Когда Фейсал ушел, я обратился к Алленби с последней (а также, я думаю, и первой) личной просьбой — отпустить меня. Некоторое время он не хотел этого; но я убеждал, напоминая ему об обещании, данном год назад, и указывая, насколько проще пойдут новые порядки, если прекратится мое давление на народ. Наконец он согласился; и вдруг сразу же я почувствовал, как мне этого жаль.
Дамаск не казался ножнами для моего меча, когда я высадился в Аравии; но его взятие раскрыло, что мои главные побуждения к действию были истощены. Самым сильным мотивом все это время был личный, не упомянутый здесь, но стоявший передо мной, наверное, каждый час, все эти два года.

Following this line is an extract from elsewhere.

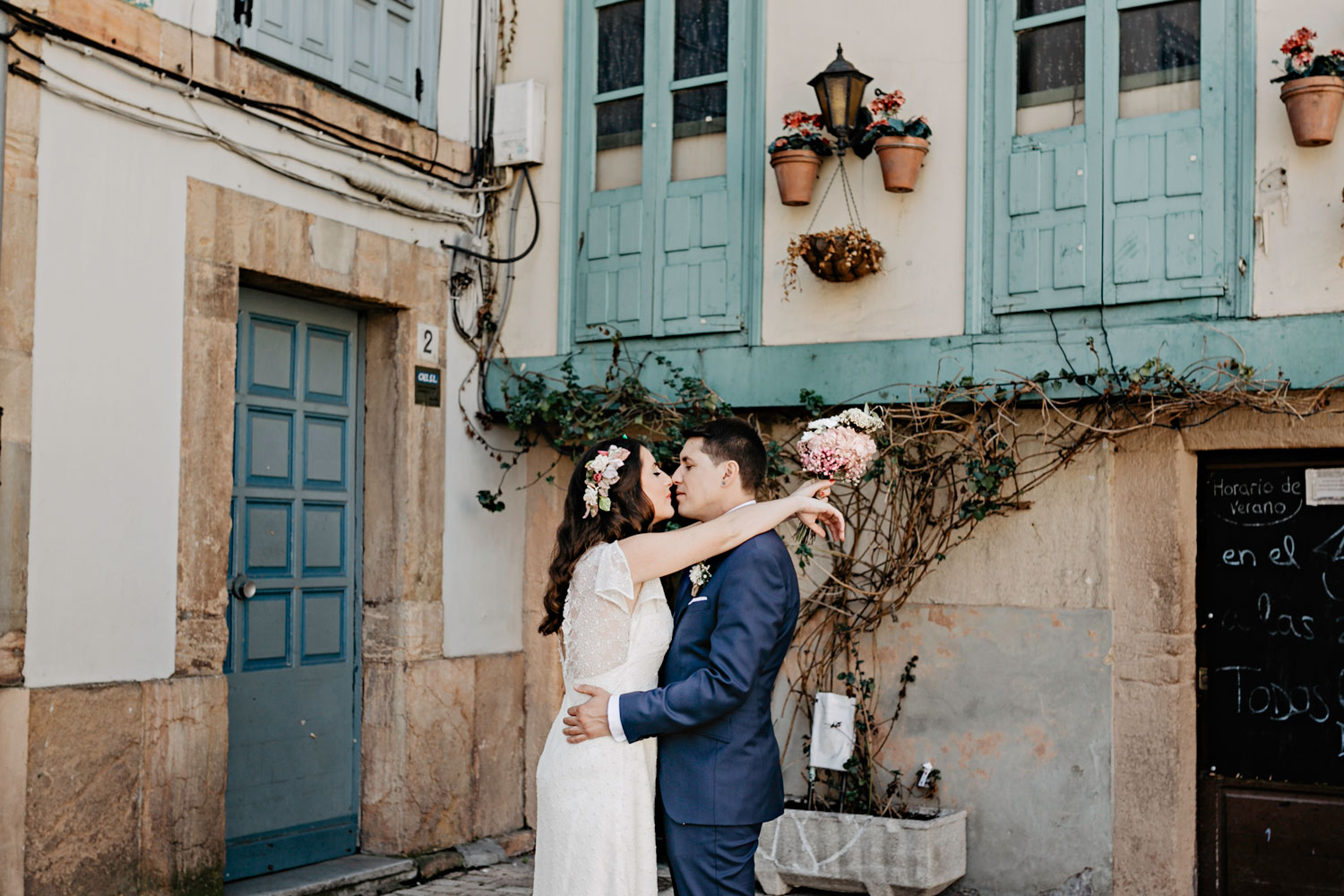 Fotos de boda en el casco antiguo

Текущие мучения и радости могли выступать, как башни, на фоне моих будней, но, прозрачный, как воздух, этот скрытый мотив менялся, превратившись в стойкий элемент жизни, почти до конца. Он отмер, прежде чем мы достигли Дамаска.

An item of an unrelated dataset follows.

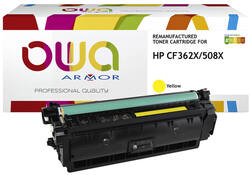 Tonercartridge OWA alternatief tbv HP CF362X geel
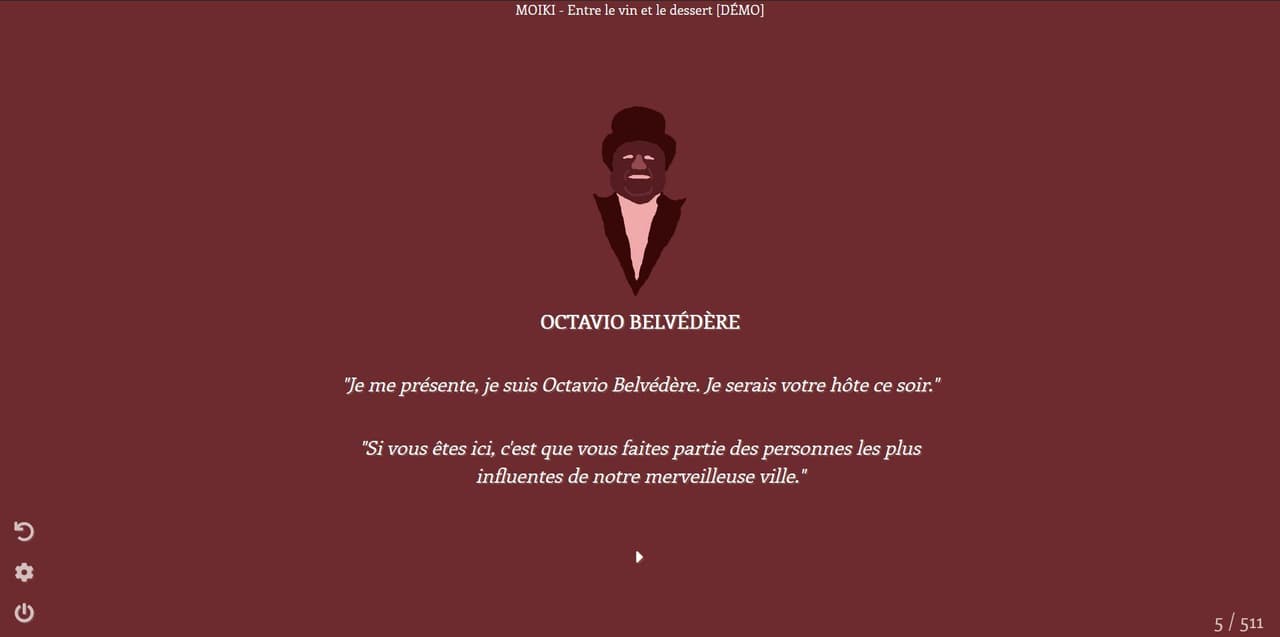 Entre le vin et le dessert [Démo] screenshot 2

Следующим по силе было пугническое[131] желание выиграть войну, соединенное с пониманием того, что без помощи арабов Англия не сможет оплатить цену завоевания турецкого сектора. Когда Дамаск пал, война на Востоке — вероятно, вся война — подошла к концу.

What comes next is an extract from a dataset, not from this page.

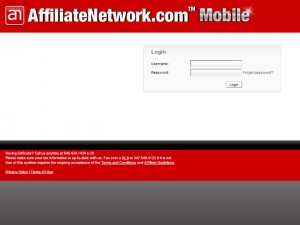 AffiliateNetwork.com Mobile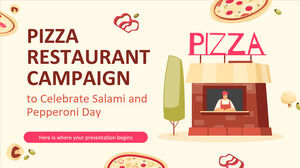 Kampania pizzerii z okazji Dnia Salami i Pepperoni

Далее, мной двигало любопытство. Прочитав в детстве «Super flumina Babylonis»[132], я хотел почувствовать себя в узловом пункте национального движения. Мы взяли Дамаск, и я устрашился. Еще немного времени после трех дней деспотизма, и корень авторитета был бы во мне подрезан.
Оставались еще исторические амбиции, сами по себе несущественные как мотив. Я мечтал в городской школе Оксфорда втиснуть в форму, пока я жив, новую Азию, которую время неизбежно поставит перед нами. Мекка была дорогой в Дамаск; Дамаск — в Анатолию; затем — в Багдад; а дальше был Йемен. Это кажется фантазиями, до такой степени, что можно назвать мое начинание незначительным.